> _Work required_
Reproduce, without any change, the span of lines from the opening of the records below to the line containing "Tom Ford Bitter Peach perfume bottle", inclusive.
= Beginning of Section =
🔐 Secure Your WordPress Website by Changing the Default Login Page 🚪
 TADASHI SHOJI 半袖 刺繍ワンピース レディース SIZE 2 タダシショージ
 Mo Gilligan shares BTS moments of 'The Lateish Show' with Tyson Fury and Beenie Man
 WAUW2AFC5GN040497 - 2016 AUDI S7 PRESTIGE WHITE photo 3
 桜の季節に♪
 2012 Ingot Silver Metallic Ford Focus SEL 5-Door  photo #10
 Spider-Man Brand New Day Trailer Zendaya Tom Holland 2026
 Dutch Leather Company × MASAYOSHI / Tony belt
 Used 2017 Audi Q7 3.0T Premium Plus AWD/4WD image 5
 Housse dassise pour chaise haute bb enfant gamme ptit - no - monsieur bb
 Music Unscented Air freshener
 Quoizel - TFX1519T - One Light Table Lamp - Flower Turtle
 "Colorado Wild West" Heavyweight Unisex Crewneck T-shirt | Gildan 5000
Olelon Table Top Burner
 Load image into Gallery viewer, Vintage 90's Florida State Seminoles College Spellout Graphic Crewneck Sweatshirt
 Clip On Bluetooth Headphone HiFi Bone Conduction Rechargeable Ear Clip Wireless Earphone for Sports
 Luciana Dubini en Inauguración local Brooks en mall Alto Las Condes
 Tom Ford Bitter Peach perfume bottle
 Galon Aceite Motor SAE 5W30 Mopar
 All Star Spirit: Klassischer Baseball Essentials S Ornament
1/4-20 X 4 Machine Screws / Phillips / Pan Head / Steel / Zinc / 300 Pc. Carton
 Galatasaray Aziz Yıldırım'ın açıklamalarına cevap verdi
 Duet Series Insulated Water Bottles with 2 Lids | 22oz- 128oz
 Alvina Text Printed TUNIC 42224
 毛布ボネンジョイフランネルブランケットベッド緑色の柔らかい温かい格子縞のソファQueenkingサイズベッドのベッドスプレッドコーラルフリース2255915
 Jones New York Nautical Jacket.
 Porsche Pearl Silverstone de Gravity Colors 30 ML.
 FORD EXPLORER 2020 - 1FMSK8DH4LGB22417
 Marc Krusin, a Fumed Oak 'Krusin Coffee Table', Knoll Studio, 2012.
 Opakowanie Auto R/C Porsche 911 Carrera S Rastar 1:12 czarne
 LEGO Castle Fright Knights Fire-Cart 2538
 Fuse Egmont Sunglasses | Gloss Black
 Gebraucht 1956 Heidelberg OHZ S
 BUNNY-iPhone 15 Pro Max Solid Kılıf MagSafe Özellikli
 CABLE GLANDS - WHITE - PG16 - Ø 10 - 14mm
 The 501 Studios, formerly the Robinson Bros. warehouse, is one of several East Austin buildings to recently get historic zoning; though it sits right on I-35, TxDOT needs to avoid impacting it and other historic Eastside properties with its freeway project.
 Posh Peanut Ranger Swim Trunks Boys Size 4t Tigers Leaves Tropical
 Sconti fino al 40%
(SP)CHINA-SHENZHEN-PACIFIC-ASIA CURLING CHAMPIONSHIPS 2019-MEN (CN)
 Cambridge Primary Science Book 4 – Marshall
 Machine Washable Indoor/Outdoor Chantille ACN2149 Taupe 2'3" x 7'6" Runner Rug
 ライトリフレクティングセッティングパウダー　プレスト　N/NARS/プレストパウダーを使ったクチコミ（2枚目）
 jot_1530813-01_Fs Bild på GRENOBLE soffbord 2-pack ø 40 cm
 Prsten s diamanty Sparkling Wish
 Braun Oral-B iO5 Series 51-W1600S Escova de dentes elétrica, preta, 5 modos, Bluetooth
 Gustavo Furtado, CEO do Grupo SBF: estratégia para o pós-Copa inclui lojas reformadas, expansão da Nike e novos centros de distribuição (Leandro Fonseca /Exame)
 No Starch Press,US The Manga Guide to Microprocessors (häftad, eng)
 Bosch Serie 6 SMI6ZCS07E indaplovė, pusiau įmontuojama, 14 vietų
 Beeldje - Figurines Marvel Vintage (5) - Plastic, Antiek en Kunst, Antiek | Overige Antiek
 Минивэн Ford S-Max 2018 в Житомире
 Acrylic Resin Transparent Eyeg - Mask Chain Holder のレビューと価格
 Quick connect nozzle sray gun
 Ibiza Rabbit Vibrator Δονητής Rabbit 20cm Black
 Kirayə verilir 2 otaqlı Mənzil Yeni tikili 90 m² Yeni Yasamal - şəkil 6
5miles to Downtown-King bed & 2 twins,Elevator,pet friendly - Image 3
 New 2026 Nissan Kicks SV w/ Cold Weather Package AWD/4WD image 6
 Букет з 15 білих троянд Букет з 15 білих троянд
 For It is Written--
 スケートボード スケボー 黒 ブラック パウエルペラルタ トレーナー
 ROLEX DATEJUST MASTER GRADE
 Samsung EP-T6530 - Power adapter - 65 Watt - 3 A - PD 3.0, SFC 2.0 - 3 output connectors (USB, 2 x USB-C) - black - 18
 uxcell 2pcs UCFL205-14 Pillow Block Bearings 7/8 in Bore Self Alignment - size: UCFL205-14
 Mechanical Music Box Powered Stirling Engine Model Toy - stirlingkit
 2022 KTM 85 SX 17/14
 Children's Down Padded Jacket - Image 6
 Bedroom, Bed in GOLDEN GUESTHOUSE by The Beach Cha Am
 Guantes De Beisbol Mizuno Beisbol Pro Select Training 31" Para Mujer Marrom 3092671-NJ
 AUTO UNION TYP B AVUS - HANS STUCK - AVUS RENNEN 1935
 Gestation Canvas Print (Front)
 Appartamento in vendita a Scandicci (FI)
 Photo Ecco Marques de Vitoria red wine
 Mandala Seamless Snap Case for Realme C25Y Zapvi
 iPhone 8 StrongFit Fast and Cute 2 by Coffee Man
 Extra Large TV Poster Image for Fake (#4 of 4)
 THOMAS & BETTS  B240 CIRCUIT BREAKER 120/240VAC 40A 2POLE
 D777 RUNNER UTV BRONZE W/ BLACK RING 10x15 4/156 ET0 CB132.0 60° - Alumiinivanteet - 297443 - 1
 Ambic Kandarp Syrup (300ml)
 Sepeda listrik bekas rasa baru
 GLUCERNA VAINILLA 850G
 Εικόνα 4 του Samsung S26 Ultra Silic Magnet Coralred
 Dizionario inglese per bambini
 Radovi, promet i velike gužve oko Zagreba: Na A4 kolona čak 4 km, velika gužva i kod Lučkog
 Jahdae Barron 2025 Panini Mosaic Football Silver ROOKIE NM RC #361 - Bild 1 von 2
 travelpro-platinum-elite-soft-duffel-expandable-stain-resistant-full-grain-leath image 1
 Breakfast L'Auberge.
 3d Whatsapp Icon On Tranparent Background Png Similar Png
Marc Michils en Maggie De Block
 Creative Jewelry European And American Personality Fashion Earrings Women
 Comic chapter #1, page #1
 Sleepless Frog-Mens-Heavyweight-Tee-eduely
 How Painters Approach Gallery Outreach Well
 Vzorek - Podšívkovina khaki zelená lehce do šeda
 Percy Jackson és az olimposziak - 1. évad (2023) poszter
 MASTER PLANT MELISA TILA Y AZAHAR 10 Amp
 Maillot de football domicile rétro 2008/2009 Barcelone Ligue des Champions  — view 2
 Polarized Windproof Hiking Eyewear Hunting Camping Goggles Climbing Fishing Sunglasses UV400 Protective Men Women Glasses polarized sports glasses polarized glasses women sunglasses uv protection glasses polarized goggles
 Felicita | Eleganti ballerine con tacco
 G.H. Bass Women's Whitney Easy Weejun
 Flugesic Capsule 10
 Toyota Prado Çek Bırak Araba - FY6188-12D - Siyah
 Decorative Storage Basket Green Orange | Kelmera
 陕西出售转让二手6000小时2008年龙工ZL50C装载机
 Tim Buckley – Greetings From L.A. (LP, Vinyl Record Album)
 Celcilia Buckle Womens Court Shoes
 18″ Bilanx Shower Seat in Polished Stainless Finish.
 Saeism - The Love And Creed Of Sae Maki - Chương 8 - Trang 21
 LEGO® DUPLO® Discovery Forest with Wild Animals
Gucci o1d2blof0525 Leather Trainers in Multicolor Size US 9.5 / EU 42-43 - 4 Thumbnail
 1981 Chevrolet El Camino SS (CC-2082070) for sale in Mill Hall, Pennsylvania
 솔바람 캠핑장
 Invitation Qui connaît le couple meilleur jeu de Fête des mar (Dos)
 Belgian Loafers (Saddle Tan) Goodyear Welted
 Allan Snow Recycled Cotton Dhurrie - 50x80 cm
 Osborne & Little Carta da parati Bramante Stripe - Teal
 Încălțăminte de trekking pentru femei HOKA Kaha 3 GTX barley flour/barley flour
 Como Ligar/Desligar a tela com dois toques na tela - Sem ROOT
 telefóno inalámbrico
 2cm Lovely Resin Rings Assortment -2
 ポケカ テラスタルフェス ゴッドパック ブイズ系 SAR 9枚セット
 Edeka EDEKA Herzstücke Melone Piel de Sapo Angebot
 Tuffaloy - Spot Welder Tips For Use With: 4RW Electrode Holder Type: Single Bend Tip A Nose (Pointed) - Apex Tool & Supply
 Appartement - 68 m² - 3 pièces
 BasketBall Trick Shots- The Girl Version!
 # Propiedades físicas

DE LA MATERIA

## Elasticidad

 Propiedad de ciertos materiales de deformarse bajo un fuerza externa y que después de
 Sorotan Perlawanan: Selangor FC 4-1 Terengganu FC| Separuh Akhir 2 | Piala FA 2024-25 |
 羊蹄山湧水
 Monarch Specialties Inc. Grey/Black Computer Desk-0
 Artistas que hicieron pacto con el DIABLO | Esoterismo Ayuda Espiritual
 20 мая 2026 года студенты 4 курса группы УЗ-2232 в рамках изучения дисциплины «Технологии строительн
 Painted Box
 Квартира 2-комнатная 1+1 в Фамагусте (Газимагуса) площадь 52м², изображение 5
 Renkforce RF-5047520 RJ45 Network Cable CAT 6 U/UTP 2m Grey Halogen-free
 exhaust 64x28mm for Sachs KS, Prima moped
= End of Section =
> _Response to this task_
🔐 Secure Your WordPress Website by Changing the Default Login Page 🚪
 TADASHI SHOJI 半袖 刺繍ワンピース レディース SIZE 2 タダシショージ
 Mo Gilligan shares BTS moments of 'The Lateish Show' with Tyson Fury and Beenie Man
 WAUW2AFC5GN040497 - 2016 AUDI S7 PRESTIGE WHITE photo 3
 桜の季節に♪
 2012 Ingot Silver Metallic Ford Focus SEL 5-Door  photo #10
 Spider-Man Brand New Day Trailer Zendaya Tom Holland 2026
 Dutch Leather Company × MASAYOSHI / Tony belt
 Used 2017 Audi Q7 3.0T Premium Plus AWD/4WD image 5
 Housse dassise pour chaise haute bb enfant gamme ptit - no - monsieur bb
 Music Unscented Air freshener
 Quoizel - TFX1519T - One Light Table Lamp - Flower Turtle
 "Colorado Wild West" Heavyweight Unisex Crewneck T-shirt | Gildan 5000
Olelon Table Top Burner
 Load image into Gallery viewer, Vintage 90's Florida State Seminoles College Spellout Graphic Crewneck Sweatshirt
 Clip On Bluetooth Headphone HiFi Bone Conduction Rechargeable Ear Clip Wireless Earphone for Sports
 Luciana Dubini en Inauguración local Brooks en mall Alto Las Condes
 Tom Ford Bitter Peach perfume bottle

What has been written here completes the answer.